Problem to solve>
Would you repeat exactly the part of the listing below that runs from the line containing "Gothic Lolita cross" down to the line containing "Zwei Schülerinnen lernen mit einem Tablet", inclusive, and nothing else?

Provided data>
*** Block opens ***

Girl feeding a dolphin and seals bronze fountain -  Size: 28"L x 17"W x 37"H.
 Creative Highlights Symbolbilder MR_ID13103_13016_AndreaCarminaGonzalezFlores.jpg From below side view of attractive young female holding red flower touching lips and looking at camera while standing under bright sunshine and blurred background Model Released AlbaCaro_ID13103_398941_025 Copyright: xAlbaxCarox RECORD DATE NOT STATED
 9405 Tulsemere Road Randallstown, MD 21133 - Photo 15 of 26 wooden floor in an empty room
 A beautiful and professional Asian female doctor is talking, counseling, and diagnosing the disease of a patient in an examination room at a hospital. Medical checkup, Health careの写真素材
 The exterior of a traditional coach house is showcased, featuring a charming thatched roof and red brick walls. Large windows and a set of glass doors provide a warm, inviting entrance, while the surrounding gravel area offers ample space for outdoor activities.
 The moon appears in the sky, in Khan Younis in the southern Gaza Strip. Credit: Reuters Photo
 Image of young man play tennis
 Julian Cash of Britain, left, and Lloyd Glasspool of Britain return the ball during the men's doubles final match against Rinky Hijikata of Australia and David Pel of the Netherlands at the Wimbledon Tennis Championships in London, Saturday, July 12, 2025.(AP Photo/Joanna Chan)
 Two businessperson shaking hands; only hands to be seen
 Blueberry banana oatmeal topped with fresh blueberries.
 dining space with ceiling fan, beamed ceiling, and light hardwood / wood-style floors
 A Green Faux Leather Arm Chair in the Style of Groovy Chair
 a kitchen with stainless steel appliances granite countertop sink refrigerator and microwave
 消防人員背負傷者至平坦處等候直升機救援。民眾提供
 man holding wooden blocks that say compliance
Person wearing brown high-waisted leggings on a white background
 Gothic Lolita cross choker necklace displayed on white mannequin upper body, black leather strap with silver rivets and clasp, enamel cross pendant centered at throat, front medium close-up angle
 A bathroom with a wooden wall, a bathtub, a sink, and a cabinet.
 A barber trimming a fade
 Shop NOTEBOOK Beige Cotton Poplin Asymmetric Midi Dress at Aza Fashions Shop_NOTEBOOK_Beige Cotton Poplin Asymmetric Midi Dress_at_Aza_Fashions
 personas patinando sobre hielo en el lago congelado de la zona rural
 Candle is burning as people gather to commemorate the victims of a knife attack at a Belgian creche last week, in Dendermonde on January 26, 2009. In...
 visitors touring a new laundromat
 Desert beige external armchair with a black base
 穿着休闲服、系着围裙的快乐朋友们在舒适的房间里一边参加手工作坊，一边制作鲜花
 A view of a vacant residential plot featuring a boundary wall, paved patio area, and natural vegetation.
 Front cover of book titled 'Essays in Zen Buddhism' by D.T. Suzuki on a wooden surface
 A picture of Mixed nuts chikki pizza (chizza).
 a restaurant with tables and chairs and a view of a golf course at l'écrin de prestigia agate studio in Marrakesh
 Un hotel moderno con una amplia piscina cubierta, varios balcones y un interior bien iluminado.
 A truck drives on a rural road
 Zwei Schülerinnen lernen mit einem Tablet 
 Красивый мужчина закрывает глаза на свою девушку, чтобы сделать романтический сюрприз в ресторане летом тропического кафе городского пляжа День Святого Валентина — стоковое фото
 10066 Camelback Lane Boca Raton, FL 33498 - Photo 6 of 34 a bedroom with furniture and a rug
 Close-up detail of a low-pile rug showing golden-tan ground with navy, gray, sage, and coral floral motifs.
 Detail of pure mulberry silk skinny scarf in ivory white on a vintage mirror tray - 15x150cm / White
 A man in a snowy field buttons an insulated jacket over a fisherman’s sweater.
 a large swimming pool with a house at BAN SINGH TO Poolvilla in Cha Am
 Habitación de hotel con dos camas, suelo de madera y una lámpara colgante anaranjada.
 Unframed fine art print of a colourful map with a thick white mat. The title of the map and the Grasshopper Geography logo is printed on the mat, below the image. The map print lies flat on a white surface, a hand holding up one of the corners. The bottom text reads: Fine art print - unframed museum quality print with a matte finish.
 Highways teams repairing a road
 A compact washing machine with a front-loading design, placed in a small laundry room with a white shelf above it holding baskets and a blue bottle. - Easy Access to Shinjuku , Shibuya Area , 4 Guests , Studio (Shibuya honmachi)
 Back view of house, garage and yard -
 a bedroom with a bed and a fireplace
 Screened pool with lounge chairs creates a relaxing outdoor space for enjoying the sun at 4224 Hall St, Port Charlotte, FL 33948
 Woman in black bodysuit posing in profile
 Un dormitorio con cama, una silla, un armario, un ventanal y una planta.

*** Block closes ***

Written solution>
 Gothic Lolita cross choker necklace displayed on white mannequin upper body, black leather strap with silver rivets and clasp, enamel cross pendant centered at throat, front medium close-up angle
 A bathroom with a wooden wall, a bathtub, a sink, and a cabinet.
 A barber trimming a fade
 Shop NOTEBOOK Beige Cotton Poplin Asymmetric Midi Dress at Aza Fashions Shop_NOTEBOOK_Beige Cotton Poplin Asymmetric Midi Dress_at_Aza_Fashions
 personas patinando sobre hielo en el lago congelado de la zona rural
 Candle is burning as people gather to commemorate the victims of a knife attack at a Belgian creche last week, in Dendermonde on January 26, 2009. In...
 visitors touring a new laundromat
 Desert beige external armchair with a black base
 穿着休闲服、系着围裙的快乐朋友们在舒适的房间里一边参加手工作坊，一边制作鲜花
 A view of a vacant residential plot featuring a boundary wall, paved patio area, and natural vegetation.
 Front cover of book titled 'Essays in Zen Buddhism' by D.T. Suzuki on a wooden surface
 A picture of Mixed nuts chikki pizza (chizza).
 a restaurant with tables and chairs and a view of a golf course at l'écrin de prestigia agate studio in Marrakesh
 Un hotel moderno con una amplia piscina cubierta, varios balcones y un interior bien iluminado.
 A truck drives on a rural road
 Zwei Schülerinnen lernen mit einem Tablet 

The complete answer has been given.